* _Work required_
Restate each entry word for word, leaving nothing out.
◇ ◇ ◇
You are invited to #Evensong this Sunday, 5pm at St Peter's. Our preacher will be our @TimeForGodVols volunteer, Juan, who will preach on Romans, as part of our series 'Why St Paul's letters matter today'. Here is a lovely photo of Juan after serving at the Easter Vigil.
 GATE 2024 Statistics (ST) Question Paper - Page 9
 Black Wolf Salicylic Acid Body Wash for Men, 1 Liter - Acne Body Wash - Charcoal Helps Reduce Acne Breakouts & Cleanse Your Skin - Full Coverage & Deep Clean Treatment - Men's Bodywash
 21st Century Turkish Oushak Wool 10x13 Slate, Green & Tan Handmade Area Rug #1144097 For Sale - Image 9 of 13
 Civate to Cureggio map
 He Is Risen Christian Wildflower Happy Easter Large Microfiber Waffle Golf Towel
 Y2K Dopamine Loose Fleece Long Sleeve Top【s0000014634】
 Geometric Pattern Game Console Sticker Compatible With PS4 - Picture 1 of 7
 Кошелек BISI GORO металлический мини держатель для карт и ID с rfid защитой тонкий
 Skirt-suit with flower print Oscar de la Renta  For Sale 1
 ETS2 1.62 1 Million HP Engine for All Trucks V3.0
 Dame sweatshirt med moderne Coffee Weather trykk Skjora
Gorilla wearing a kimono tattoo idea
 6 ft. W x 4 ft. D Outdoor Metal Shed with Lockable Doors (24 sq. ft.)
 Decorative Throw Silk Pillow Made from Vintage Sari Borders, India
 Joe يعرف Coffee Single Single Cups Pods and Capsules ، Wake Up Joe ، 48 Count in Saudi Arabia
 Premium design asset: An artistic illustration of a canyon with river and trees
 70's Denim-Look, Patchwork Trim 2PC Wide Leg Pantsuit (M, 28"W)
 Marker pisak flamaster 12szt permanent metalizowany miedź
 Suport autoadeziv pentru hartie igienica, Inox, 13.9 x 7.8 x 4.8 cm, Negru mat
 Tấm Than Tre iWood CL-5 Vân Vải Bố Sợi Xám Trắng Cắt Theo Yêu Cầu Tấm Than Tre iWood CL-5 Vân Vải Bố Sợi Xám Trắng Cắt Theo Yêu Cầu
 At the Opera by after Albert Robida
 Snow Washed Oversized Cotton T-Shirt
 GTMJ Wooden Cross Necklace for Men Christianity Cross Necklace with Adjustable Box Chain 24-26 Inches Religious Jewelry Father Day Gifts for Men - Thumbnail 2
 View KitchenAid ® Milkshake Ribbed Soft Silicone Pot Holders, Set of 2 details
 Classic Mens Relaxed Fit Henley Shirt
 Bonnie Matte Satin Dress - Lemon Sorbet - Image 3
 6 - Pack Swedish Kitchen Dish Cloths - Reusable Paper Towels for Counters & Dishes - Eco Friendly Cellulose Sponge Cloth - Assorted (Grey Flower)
◇ ◇ ◇
* _Task response_
You are invited to #Evensong this Sunday, 5pm at St Peter's. Our preacher will be our @TimeForGodVols volunteer, Juan, who will preach on Romans, as part of our series 'Why St Paul's letters matter today'. Here is a lovely photo of Juan after serving at the Easter Vigil.
 GATE 2024 Statistics (ST) Question Paper - Page 9
 Black Wolf Salicylic Acid Body Wash for Men, 1 Liter - Acne Body Wash - Charcoal Helps Reduce Acne Breakouts & Cleanse Your Skin - Full Coverage & Deep Clean Treatment - Men's Bodywash
 21st Century Turkish Oushak Wool 10x13 Slate, Green & Tan Handmade Area Rug #1144097 For Sale - Image 9 of 13
 Civate to Cureggio map
 He Is Risen Christian Wildflower Happy Easter Large Microfiber Waffle Golf Towel
 Y2K Dopamine Loose Fleece Long Sleeve Top【s0000014634】
 Geometric Pattern Game Console Sticker Compatible With PS4 - Picture 1 of 7
 Кошелек BISI GORO металлический мини держатель для карт и ID с rfid защитой тонкий
 Skirt-suit with flower print Oscar de la Renta  For Sale 1
 ETS2 1.62 1 Million HP Engine for All Trucks V3.0
 Dame sweatshirt med moderne Coffee Weather trykk Skjora
Gorilla wearing a kimono tattoo idea
 6 ft. W x 4 ft. D Outdoor Metal Shed with Lockable Doors (24 sq. ft.)
 Decorative Throw Silk Pillow Made from Vintage Sari Borders, India
 Joe يعرف Coffee Single Single Cups Pods and Capsules ، Wake Up Joe ، 48 Count in Saudi Arabia
 Premium design asset: An artistic illustration of a canyon with river and trees
 70's Denim-Look, Patchwork Trim 2PC Wide Leg Pantsuit (M, 28"W)
 Marker pisak flamaster 12szt permanent metalizowany miedź
 Suport autoadeziv pentru hartie igienica, Inox, 13.9 x 7.8 x 4.8 cm, Negru mat
 Tấm Than Tre iWood CL-5 Vân Vải Bố Sợi Xám Trắng Cắt Theo Yêu Cầu Tấm Than Tre iWood CL-5 Vân Vải Bố Sợi Xám Trắng Cắt Theo Yêu Cầu
 At the Opera by after Albert Robida
 Snow Washed Oversized Cotton T-Shirt
 GTMJ Wooden Cross Necklace for Men Christianity Cross Necklace with Adjustable Box Chain 24-26 Inches Religious Jewelry Father Day Gifts for Men - Thumbnail 2
 View KitchenAid ® Milkshake Ribbed Soft Silicone Pot Holders, Set of 2 details
 Classic Mens Relaxed Fit Henley Shirt
 Bonnie Matte Satin Dress - Lemon Sorbet - Image 3
 6 - Pack Swedish Kitchen Dish Cloths - Reusable Paper Towels for Counters & Dishes - Eco Friendly Cellulose Sponge Cloth - Assorted (Grey Flower)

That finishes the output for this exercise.